AI and quality in official statistics
Conference
65th ISI World Statistics Congress 2025
Format: IPS Abstract - WSC 2025
Keywords: "statistical_quality_control, artificial intelligence
Session: IPS 889 - From Theory to Practice - Implementing Generative AI in Statistical Organizations
Thursday 9 October 2 p.m. - 3:40 p.m. (Europe/Amsterdam)
Abstract
Artificial intelligence (AI) is an emerging software technology that can undertake tasks that would traditionally require human intelligence. In this paper, we explore the use of generative AI and large language models in official statistics. We focus on quality assurance and consider how the quality assurance of AI-assisted work aligns with traditional assurance frameworks and standards. We draw on some exploratory case studies from the UK Office for National Statistics.
Our focus here is on Large Language Models (LLMs) which use generative neural networks trained on large volumes of information. LLMs can perform a wide range of tasks with direct application for official statistics, including writing code, giving advice, answering questions, summarising or transcribing conversations and documents, translating languages, designing survey questions, or performing data analysis. The technology is evolving at an increasing pace, with significant step changes in performance over periods of a few months.
Frameworks for assessing, validating, and assuring the quality of large language models and their outputs in the context of analysis and statistics are still emerging, although many metrics have been suggested. As National Statistical Institutes begin to incorporate AI into our work, how might we assure quality while making sure that we maintain quality and transparency?

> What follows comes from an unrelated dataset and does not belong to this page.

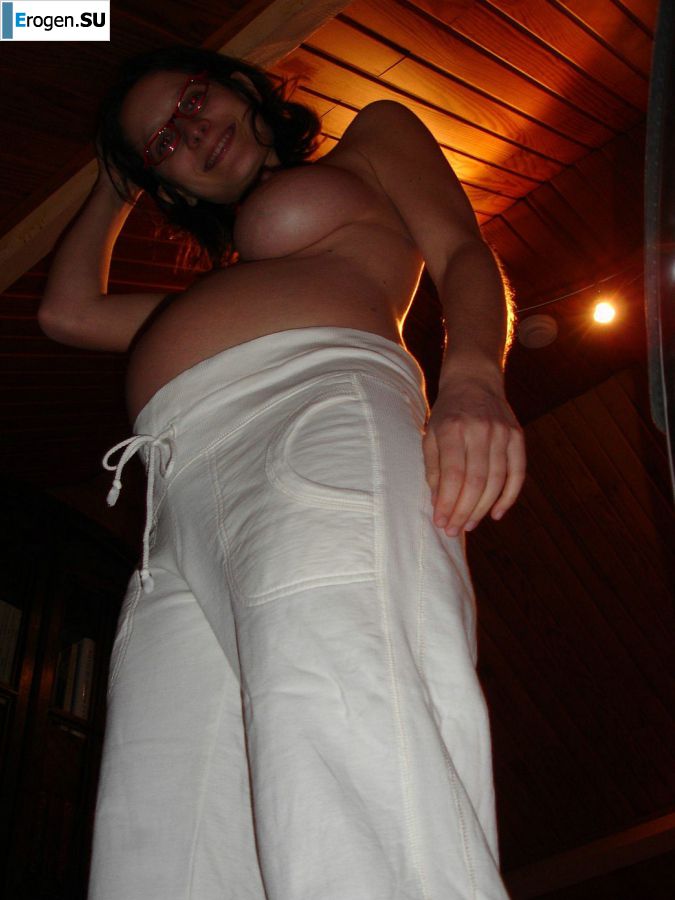 pregnant and without clothes. Slide 24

Our paper discusses the approach taken to AI adoption at the UK Office for National Statistics. We have taken a controlled and phased approach. We are starting with an evidence-gathering stage, understanding quality risks, their impact and likelihood. This includes the evaluation of a series of prototype use cases which address potential applications of AI for official statistics. Case studies include the automatic generation of survey questions, improving data linkage using Large Language Models, extracting text from PDF files and supporting developers as they generate statistical code. We explore these examples in the paper and draw out key lessons.
A significant challenge is the lack of agreed and standardised frameworks for evaluating the specification, performance, and output of LLM-generated analytical content in the context of official statistics. There are robust quality assurance frameworks for analysis already in place, but those may need to be adapted to consider specific challenges related to AI deployment. We reflect on how well our generic assurance frameworks have been able to deal with the challenges of AI quality assurance in the context of our exploratory work and draw out common themes.